Через несколько лет после смерти Пушкина Николай I рассказал барону М. А. Корфу: «Под конец жизни Пушкина, встречаясь очень часто с его женой, которую я искренне любил и теперь люблю, как очень хорошую и добрую женщину, я как-то разговорился с ней о коммеражах (сплетнях), которым ее красота подвергает ее в обществе; я посоветовал ей быть осторожной и беречь свою репутацию, сколько для самой, столько и для счастья мужа, при известной его ревности. Она, верно, рассказала об этом мужу, потому что, встретясь где-то со мной, он стал меня благодарить за добрые советы его жене. „Разве ты мог ожидать от меня другого?“ – спросил я его. „Не только мог, но, признаюсь откровенно, я и вас самих подозревал в ухаживании за моей женой“».
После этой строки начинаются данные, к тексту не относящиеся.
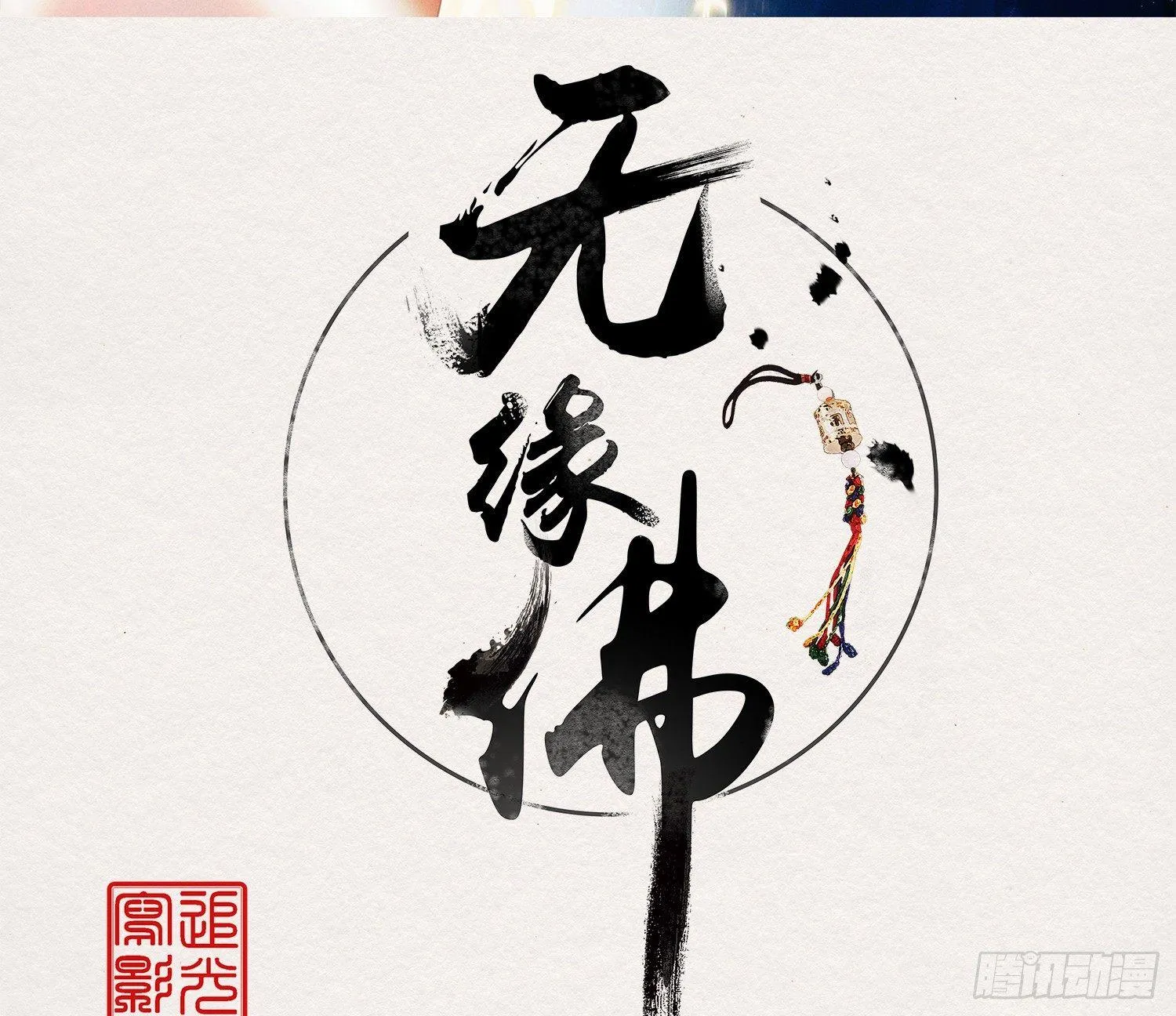 雪中宴20-变不回去了 第3页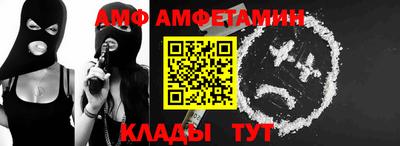 трава Кинель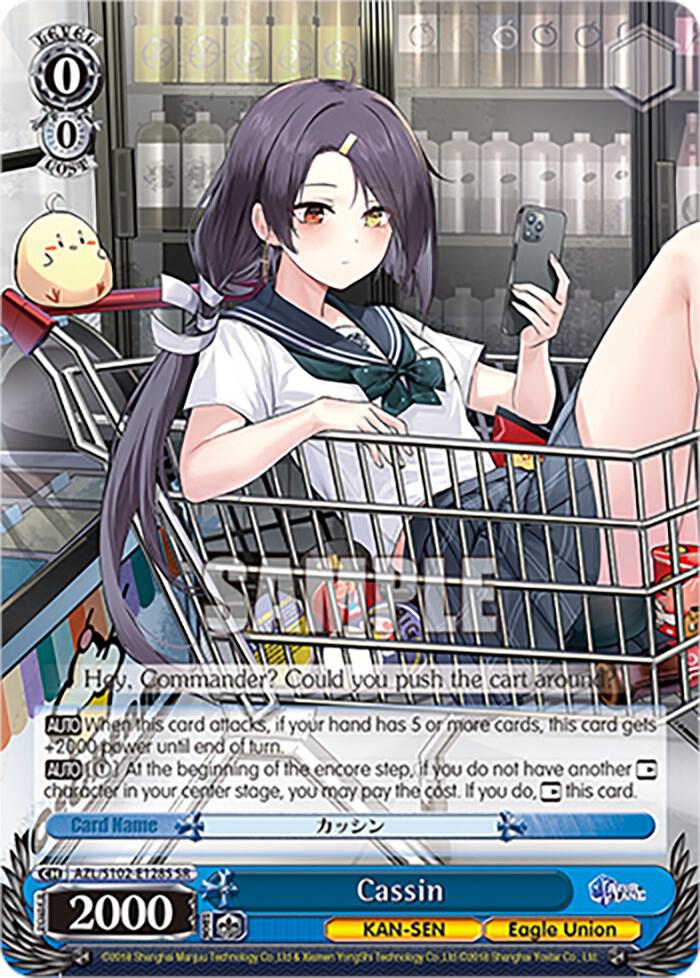 Cassin (SR), Azur Lane AZL/S102-E128S SR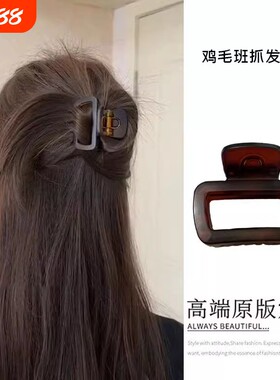 鸡毛抓夹长方形发饰|万人加购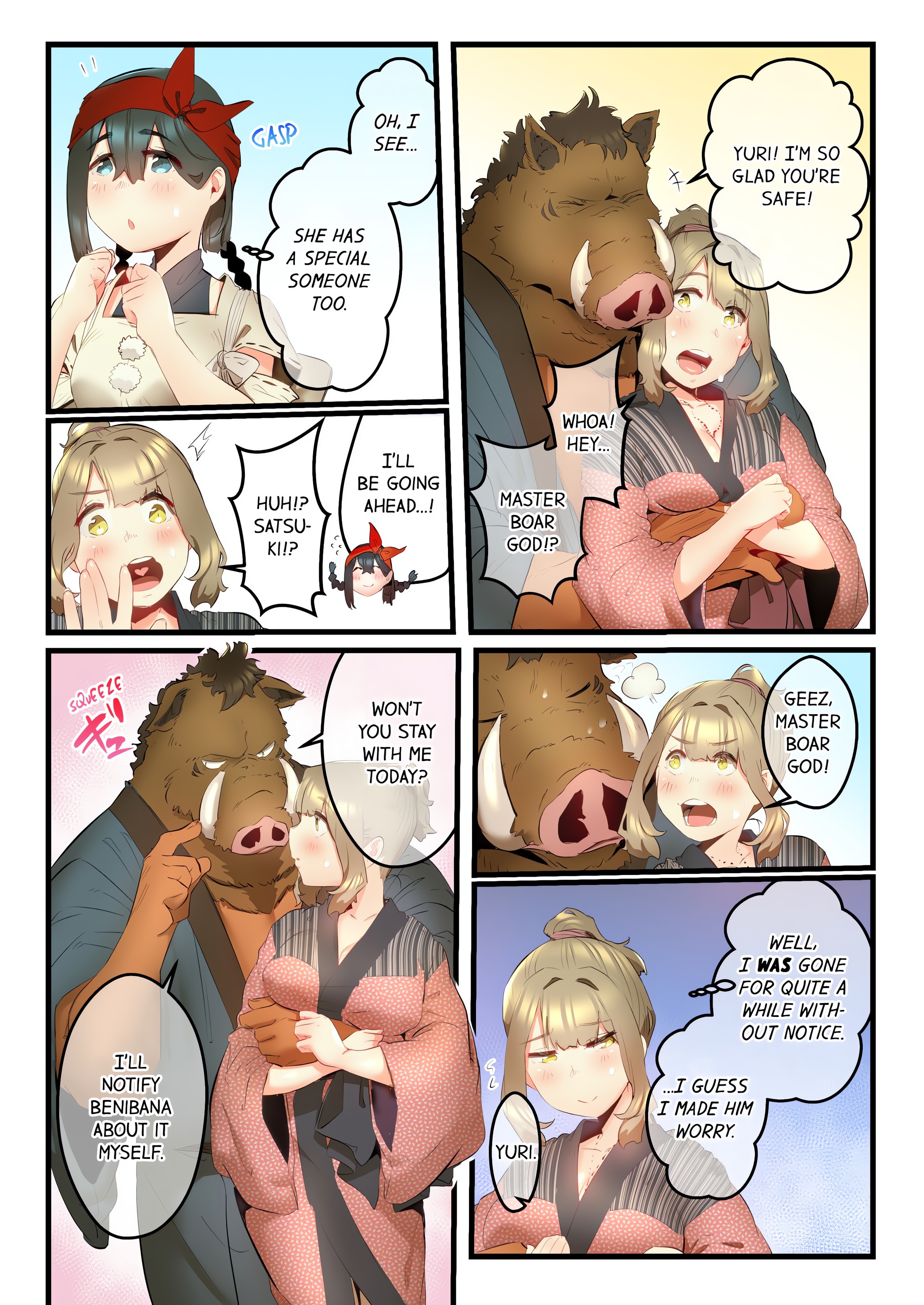 Yaoyorozu Sex~My Virginity Was Taken by Japanese Gods~ (Uncensored) chapter 41 page 1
Наталья Николаевна была красавицей, и этим своим качеством она сразу же выделялась среди дам высшего света. «Миленьких» было немало, красивых – единицы, а красавицей – лишь жена Пушкина. Конечно, одного этого было достаточно, чтобы вызывать зависть и злобу прочих дам и девиц большого света. Если добавить к этому, что она была женой того, которого немалое число людей высшего света терпеть не могло, то ясно, какая это была желанная, «лакомая мишень» для сплетен. И аристократически-придворный мир их производил во множестве.

Главная и самая оскорбительная та, которая и стала поводом к дуэли, – жена «наставляет рога» мужу! Конечно же, ничего подобного не существовало в действительности; Наталья Николаевна всегда оставалась неизменно добропорядочной женщиной. Но сплетня тем и отличается от правды, что ей не нужны фактические, «документальные» доказательства. Клеветники стараются только замарать имя и образ того, кто им ненавистен. Пушкин и был таковым, а потому и лгали по его адресу и адресу его супруги без зазрения совести.

Этот шквал лжи бушевал в столице последние месяцы жизни Поэта. Он знал о дискредитациях, знал, что под ними нет оснований (Наталья Николаевна всегда была с ним абсолютно откровенна), но его горячая, страстная натура не выдерживала спокойно этих приступов светской ненависти. Он не мог, как когда-то ему писал Царь, платить инсинуаторам «презрением»; он хотел получить удовлетворение прямым ответным ударом.

Так возникла тема первой дуэли в ноябре 1836 года, когда А. С. Пушкин послал вызов светскому щеголю, поручику Кавалергардского полка Жоржу Дантесу, барону Геккерну (1812–1895), который слишком явственно выражал на публике свои симпатии к Наталье Николаевне. Усилиями друзей тогда поединок удалось предотвратить.

Прошло два месяца, и дуэль все-таки состоялась. Пушкин был смертельно ранен 27 января 1837 года и через два дня скончался. Эти последние часы жизни Русского Гения скрашены искренним переживанием друзей и близких, переживанием многих людей разного возраста и положения, которые приходили в квартиру Пушкина на Мойке справляться о состоянии Поэта. Все очевидцы сходилась во мнении, что таковых было несколько десятков тысяч человек.

В эти часы Пушкин ощутил и особое отеческое отношение Государя, который, узнав о дуэли, был потрясен и разгневан. Весть о дуэли и о смертельном ранении Пушкина принес в Зимний дворец житель того же дома, где квартировал Пушкин, – князь Г. П. Волконский (1808–1882). Он сообщил о том своему отцу – министру Императорского Двора князю П. М. Волконскому (1776–1852), а тот – Монарху.